The curve (or jagged line) shows where the minimum deviance occurred with the cross-validated tree. Many people find these curves difficult to evaluate, as the stair-step curve seems ambiguous for a single value. For example, what is the value for X=4, ~150, or ~ 180? These curves are read as the last point along the line or any given X: thus at X=2, Y=147, not 220, and at X=4, Y=180, not 147.

In this case, the best tree would appear to be 2-3 terminal nodes. Actually, there was no test for 3 terminal nodes, only 2 and 4, so the straight line from 2 to 4 is a little misleading. So, we'll get the best tree with two terminal nodes. To get that tree, we use the prune.tree() function with a best=n argument, where n = the number of terminal nodes we want.

demo.x <- prune.tree(demo,best=2)
This "pruned" tree is a tree object just like the others, and can be plotted or summarized.
plot(demo.x)
text(demo.x)
demo.x
node), split, n, deviance, yval, (yprob)
      * denotes terminal node

1) root 160 218.20 FALSE ( 0.5750 0.4250 )  
  2) elev < 8020 97  80.07 FALSE ( 0.8557 0.1443 ) *
  3) elev > 8020 63  51.67 TRUE ( 0.1429 0.8571 ) *

summary(demo.x)

Classification tree:
snip.tree(tree = demo, nodes = c(3, 2))
Variables actually used in tree construction:
[1] "elev"
Number of terminal nodes:  2 
Residual mean deviance:  0.8338 = 131.7 / 158 
Misclassification error rate: 0.1438 = 23 / 160 
In comparison to our original tree, this summary also has a list of variables actually used. In GLM or GAM every variable was used, but in tree classifiers a variable is only used if it is the best available variable, and especially in pruned trees many variables never enter the model. In this case, only elev was used.

In addition, note that the misclassification rate has gone up significantly. The previous number was an optimistic over-fit number; this one is much more realistic.

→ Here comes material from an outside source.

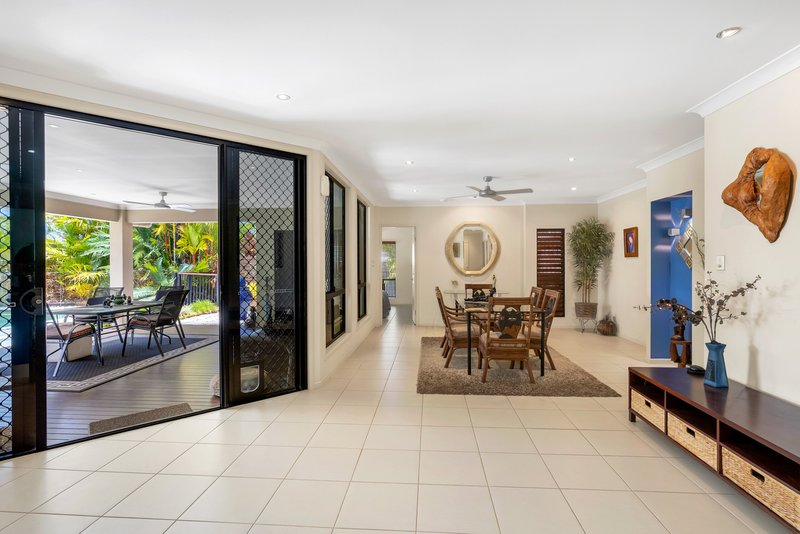 Photo - 5 Savannah Street, Palm Cove QLD 4879 - Image 4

As you can see, the tree is remarkably simple with only two terminal nodes. Surprisingly, it's fairly accurate. As you might remember from Lab 4, our GLM model achieved an accuracy of 0.85, whereas our tree achieves 0.856 (more or less the same, but an improvement of 1 plot correctly classified out of 160).

Arguably, based on parsimony, we would want the smallest tree that has minimum cross-validated deviance. As a special case, if the minimum deviance occurs with a tree with 1 node, then none of your models are better than random, although some might be no worse. Alternatively, in an exploratory mode, we might want the most highly-resolved tree that is among the trees with lowest deviance (as long as that does not include the null tree with one node). For the sake of example, lets go with a four node tree.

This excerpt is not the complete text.